Work task -
In your copy, each record should read exactly as it does below, and no pictures should be present.

Entries provided -
• • • •

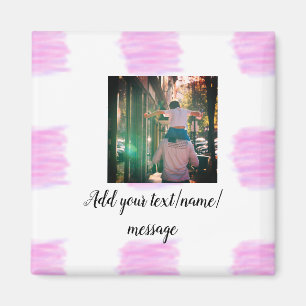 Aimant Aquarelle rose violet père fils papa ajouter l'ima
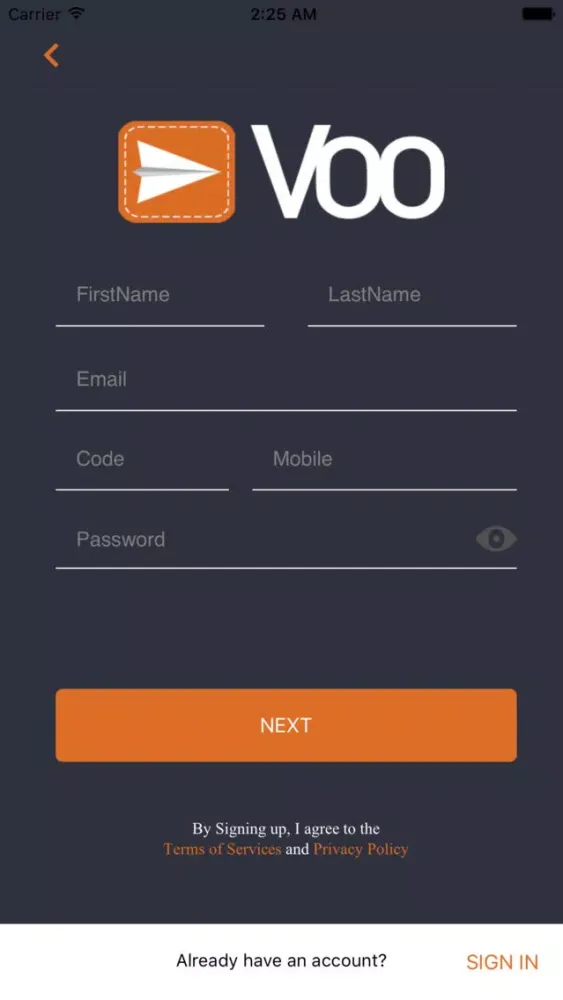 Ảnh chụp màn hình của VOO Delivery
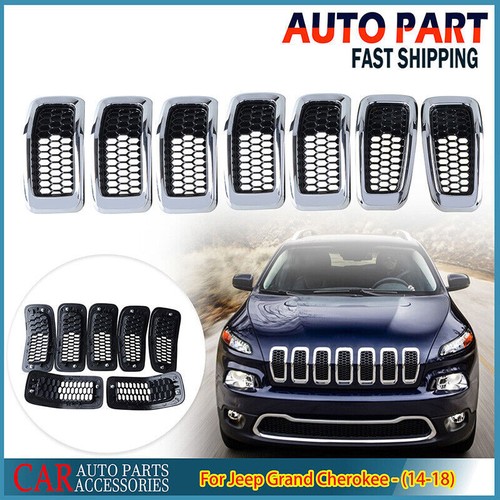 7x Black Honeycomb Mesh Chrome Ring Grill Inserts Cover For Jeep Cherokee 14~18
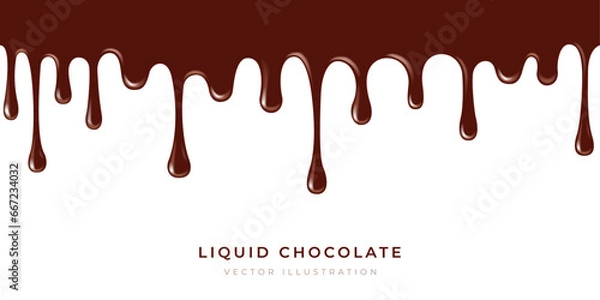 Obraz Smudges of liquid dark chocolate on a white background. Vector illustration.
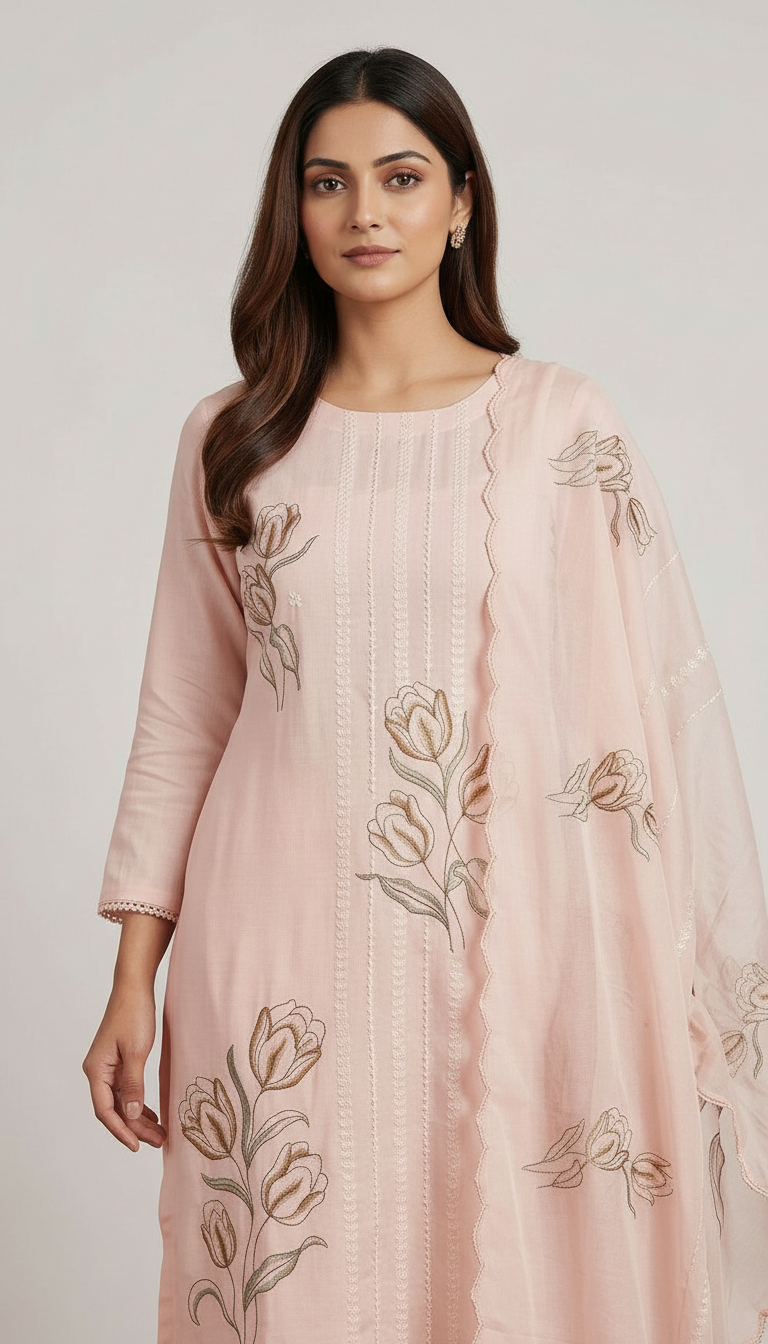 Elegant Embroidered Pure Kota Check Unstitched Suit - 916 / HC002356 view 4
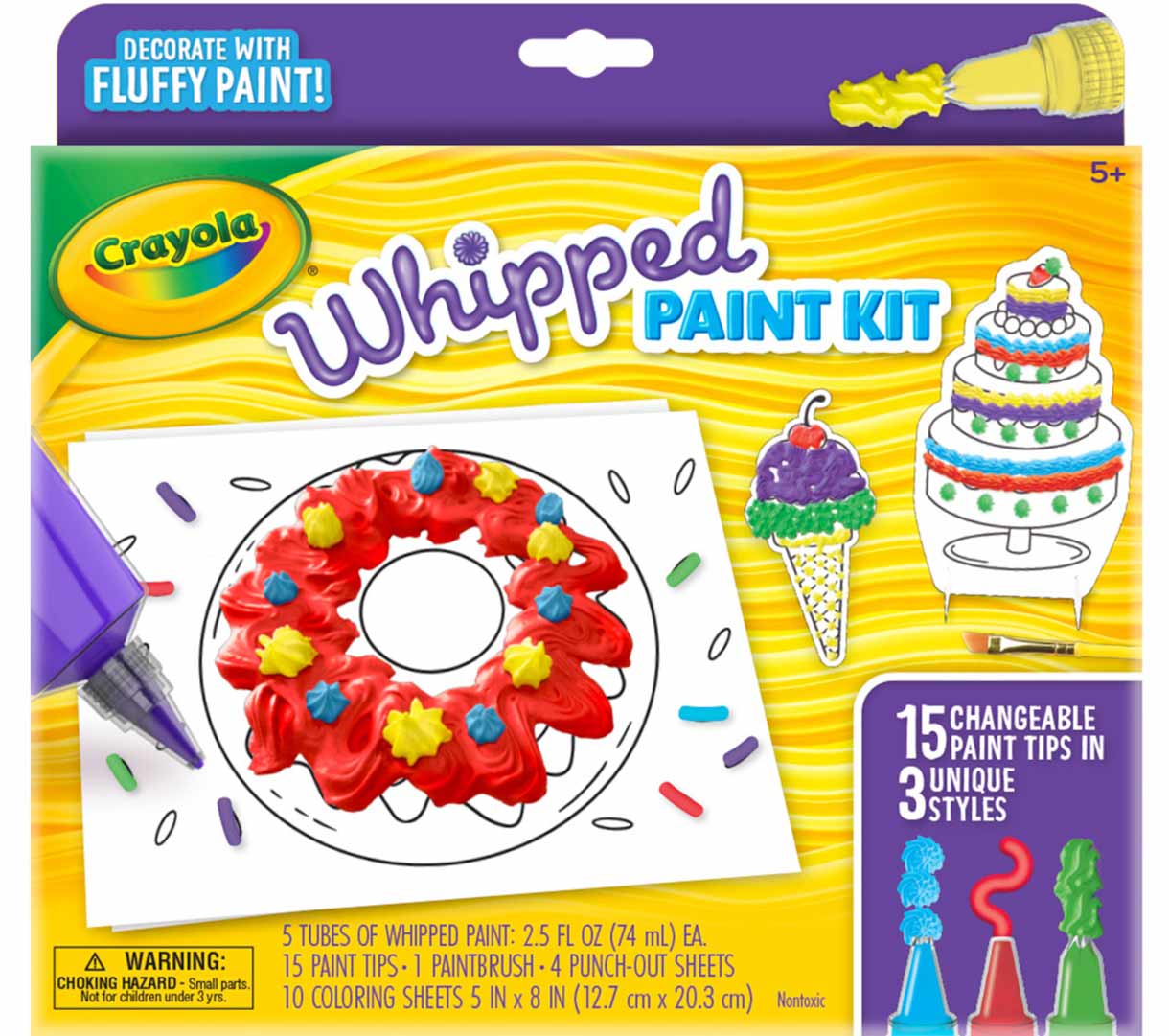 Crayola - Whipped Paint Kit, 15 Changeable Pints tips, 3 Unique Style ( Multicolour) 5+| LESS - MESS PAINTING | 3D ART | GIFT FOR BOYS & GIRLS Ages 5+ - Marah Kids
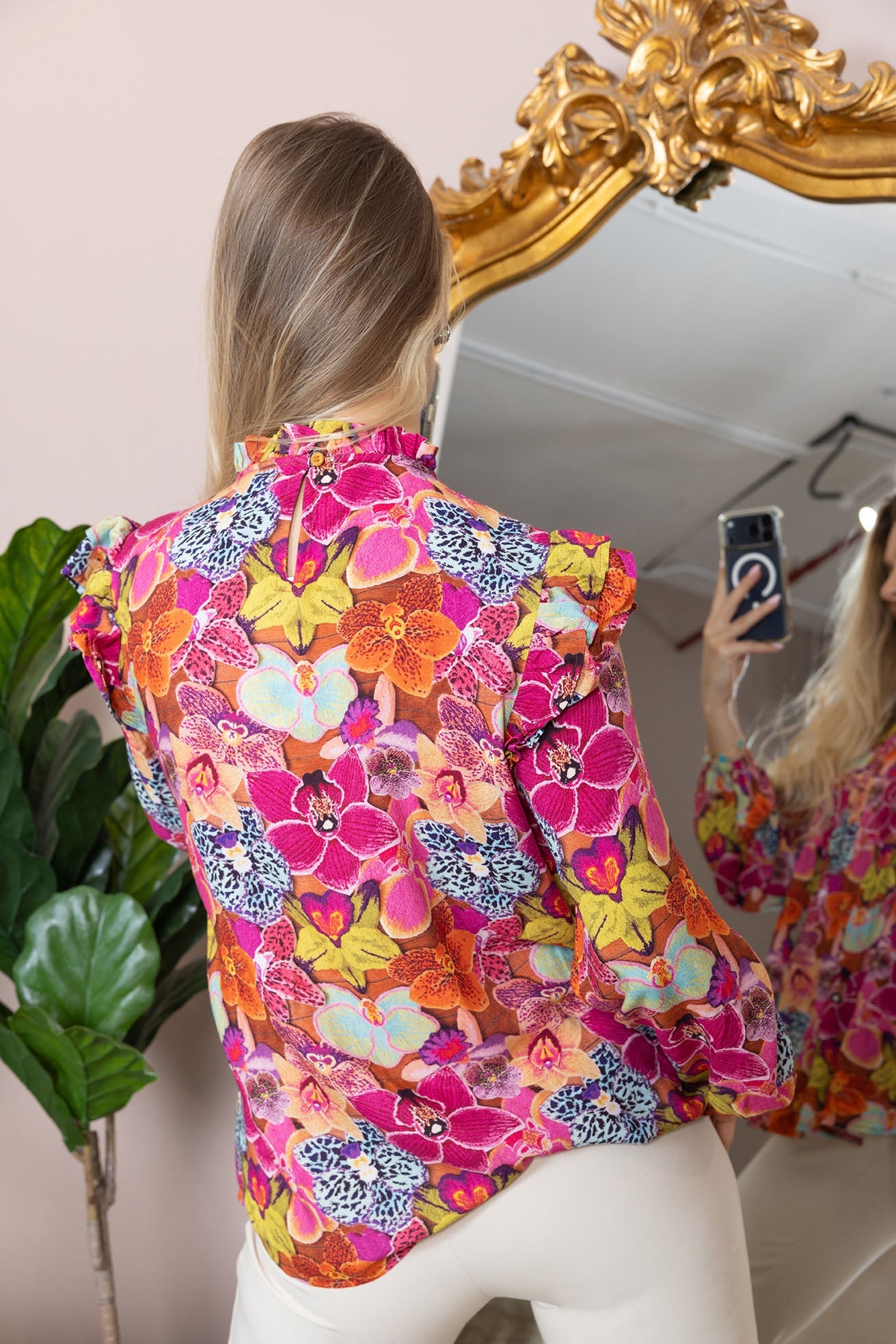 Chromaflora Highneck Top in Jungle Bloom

• • • •

Written reply -
 Aimant Aquarelle rose violet père fils papa ajouter l'ima
 Ảnh chụp màn hình của VOO Delivery
 7x Black Honeycomb Mesh Chrome Ring Grill Inserts Cover For Jeep Cherokee 14~18
 Obraz Smudges of liquid dark chocolate on a white background. Vector illustration.
 Elegant Embroidered Pure Kota Check Unstitched Suit - 916 / HC002356 view 4
 Crayola - Whipped Paint Kit, 15 Changeable Pints tips, 3 Unique Style ( Multicolour) 5+| LESS - MESS PAINTING | 3D ART | GIFT FOR BOYS & GIRLS Ages 5+ - Marah Kids
 Chromaflora Highneck Top in Jungle Bloom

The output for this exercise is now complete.